## Task prompt
Below are entries. Reproduce exactly the lines between the line holding "2D editable pixel" and the line holding "An Art Noveau", inclusive, and only those.

## Provided records

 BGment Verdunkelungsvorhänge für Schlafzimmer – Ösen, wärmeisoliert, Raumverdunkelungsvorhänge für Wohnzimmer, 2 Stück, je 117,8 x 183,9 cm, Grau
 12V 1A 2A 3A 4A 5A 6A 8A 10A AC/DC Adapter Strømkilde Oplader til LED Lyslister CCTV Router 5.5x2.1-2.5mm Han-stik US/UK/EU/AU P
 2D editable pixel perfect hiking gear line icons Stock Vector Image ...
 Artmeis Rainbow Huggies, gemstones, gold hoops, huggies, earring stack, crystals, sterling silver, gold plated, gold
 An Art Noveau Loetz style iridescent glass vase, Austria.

...

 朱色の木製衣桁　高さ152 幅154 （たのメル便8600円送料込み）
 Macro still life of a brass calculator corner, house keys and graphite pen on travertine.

## Problem solution
 2D editable pixel perfect hiking gear line icons Stock Vector Image ...
 Artmeis Rainbow Huggies, gemstones, gold hoops, huggies, earring stack, crystals, sterling silver, gold plated, gold
 An Art Noveau Loetz style iridescent glass vase, Austria.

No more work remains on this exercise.